Dig Deeper - In Central European Time

 

Dig Deeper – In Central European Time (Alien Agency – Out 7th Oct 2017)

 

Politically charged and poignant Americana from the shores of Norway.

Having become increasingly aware of Norway’s Dig Deeper over the last few months, I was pleasantly surprised by the amount of growth shown on their new record In Central European Time. The album strikes a particular chord in today’s hostile world through its emotional and, I would argue, crucial subject matter. Singer and chief songwriter Einar Kaupang describes his and the band’s motivation for creating the record:

When we realised we were stuck in a northern outpost, where those elected to political power were working to close borders, refuse people in need basic rights and brag about having the strictest policies on immigration in Europe, we decided to make this record.”

Charting the journey of a young refugee leaving his home, only to be faced with hostility and closed-mindedness from the world around him, the album’s message is particularly poignant in this day and age given the rise of far right populism and anti-immigration sentiment being seen across much of the continent and on our own shores. There is a clear narrative thread throughout the album, which comes in at 41 minutes and 7 seconds in length, impressive given that it only comprises 6 songs. A palpable sense of desperation and despair runs through the opening tracks “How Can I Be Certain” and “Stars Tonight” which gives way to genuine threat in “Don’t Ask Too Much”. “Hey!” is a lament to how life could have been while “The Ticket” evokes a sense of hope, a moment where everything changes for our young protagonist. The album culminates with “Sky Brown Sky” which leaves us with a sense of uncertainty for the future in a harsh and unforgiving world.

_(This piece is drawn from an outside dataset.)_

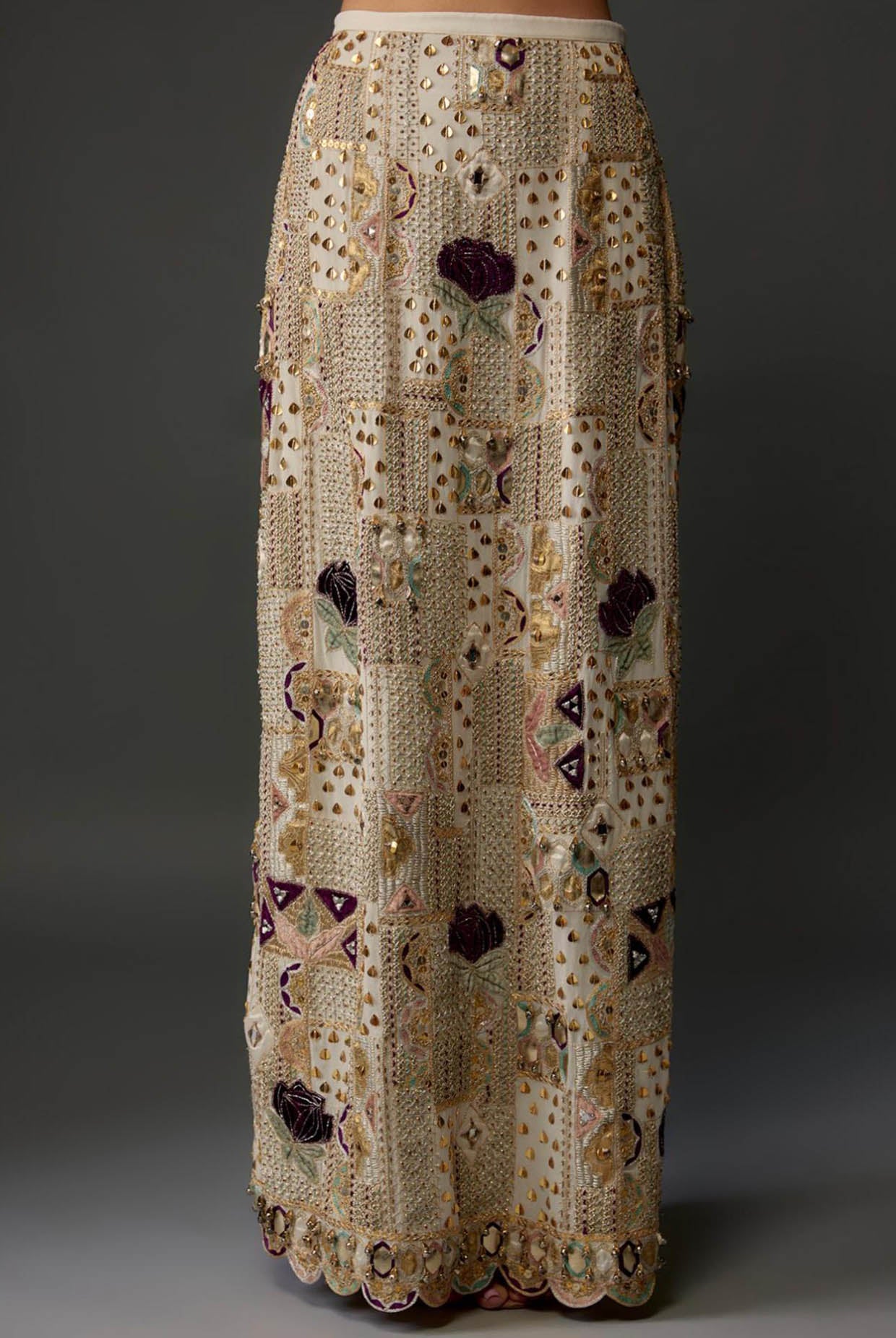 Off-White Embroidered Choli And Skirt With Dupatta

The ambitious subject matter is more than matched by the impressive instrumentation which creates a sonic space that seems to stretch for miles with its long, lingering guitar sounds and slow rhythmic grooves. There is not much variation in tempo it has to be said, and every once in a while the album does veer into self-indulgence, at times lacking the urgency with which such an important and emotionally charged topic deserves to be treated. Indeed several of the songs are approaching 8 minutes in length. However, while these could be seen as criticisms the album in fact manages to turn them to its strength; the dreamy, psychedelic sheen which colours the production creating a powerful sense of drift, of never belonging anywhere which lends itself perfectly to telling a story such as this.

On In Central European Time, Dig Deeper have achieved something quite remarkable. By using the sounds and sonic conventions usually associated with American alt-rock, they have managed to tell a distinctly European story. Furthermore it is a story that resonates with love and understanding, hope and compassion, qualities that are sorely missing from the political discourse of our time.